Every line below between the one holding "Crowned by the Earth Reproduction" and the one holding "Griesegrauer Nachmittag mit", inclusive, should be copied exactly, and no other line.

Supplied data —
>>

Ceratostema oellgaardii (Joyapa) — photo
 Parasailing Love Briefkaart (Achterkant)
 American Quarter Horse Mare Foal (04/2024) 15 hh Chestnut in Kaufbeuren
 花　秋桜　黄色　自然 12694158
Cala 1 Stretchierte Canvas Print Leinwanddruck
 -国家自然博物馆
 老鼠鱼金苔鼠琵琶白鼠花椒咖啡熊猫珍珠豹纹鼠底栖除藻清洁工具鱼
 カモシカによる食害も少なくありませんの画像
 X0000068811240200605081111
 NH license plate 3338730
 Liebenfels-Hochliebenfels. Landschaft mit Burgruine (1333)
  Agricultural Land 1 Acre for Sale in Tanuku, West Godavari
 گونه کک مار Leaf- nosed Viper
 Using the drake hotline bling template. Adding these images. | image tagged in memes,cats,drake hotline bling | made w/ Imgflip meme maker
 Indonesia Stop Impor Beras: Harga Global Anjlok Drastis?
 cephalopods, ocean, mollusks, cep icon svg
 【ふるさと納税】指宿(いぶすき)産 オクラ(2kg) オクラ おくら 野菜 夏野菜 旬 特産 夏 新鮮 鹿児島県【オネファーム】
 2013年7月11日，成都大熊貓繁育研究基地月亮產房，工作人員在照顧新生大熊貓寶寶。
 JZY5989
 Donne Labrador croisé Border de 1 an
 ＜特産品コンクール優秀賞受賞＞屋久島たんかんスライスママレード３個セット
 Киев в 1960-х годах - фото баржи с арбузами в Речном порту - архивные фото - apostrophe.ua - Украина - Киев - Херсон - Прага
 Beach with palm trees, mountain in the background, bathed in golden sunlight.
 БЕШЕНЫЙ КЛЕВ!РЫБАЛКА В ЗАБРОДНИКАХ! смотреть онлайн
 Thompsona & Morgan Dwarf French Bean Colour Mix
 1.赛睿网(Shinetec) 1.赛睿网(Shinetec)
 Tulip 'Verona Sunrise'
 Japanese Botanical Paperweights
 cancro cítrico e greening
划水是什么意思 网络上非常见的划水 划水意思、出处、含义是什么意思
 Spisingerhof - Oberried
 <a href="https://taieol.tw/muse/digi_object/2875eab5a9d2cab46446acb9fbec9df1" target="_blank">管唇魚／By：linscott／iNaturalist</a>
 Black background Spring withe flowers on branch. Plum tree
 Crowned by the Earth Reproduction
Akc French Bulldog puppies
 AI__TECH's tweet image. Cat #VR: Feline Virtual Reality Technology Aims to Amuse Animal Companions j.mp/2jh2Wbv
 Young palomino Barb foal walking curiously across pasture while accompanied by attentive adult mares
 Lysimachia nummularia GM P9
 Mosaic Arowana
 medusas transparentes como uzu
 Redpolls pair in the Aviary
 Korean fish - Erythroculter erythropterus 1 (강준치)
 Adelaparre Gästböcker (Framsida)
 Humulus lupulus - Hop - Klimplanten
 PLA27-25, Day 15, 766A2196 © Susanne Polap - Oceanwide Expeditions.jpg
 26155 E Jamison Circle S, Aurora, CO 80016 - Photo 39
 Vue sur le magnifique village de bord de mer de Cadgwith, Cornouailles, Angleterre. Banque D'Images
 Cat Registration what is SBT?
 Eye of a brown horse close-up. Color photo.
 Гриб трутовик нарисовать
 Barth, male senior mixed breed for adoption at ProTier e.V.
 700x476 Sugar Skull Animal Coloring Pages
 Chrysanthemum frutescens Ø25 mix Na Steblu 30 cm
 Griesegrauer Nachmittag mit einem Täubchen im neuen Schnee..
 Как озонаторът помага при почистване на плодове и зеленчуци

<<

Answer area —
 Crowned by the Earth Reproduction
Akc French Bulldog puppies
 AI__TECH's tweet image. Cat #VR: Feline Virtual Reality Technology Aims to Amuse Animal Companions j.mp/2jh2Wbv
 Young palomino Barb foal walking curiously across pasture while accompanied by attentive adult mares
 Lysimachia nummularia GM P9
 Mosaic Arowana
 medusas transparentes como uzu
 Redpolls pair in the Aviary
 Korean fish - Erythroculter erythropterus 1 (강준치)
 Adelaparre Gästböcker (Framsida)
 Humulus lupulus - Hop - Klimplanten
 PLA27-25, Day 15, 766A2196 © Susanne Polap - Oceanwide Expeditions.jpg
 26155 E Jamison Circle S, Aurora, CO 80016 - Photo 39
 Vue sur le magnifique village de bord de mer de Cadgwith, Cornouailles, Angleterre. Banque D'Images
 Cat Registration what is SBT?
 Eye of a brown horse close-up. Color photo.
 Гриб трутовик нарисовать
 Barth, male senior mixed breed for adoption at ProTier e.V.
 700x476 Sugar Skull Animal Coloring Pages
 Chrysanthemum frutescens Ø25 mix Na Steblu 30 cm
 Griesegrauer Nachmittag mit einem Täubchen im neuen Schnee..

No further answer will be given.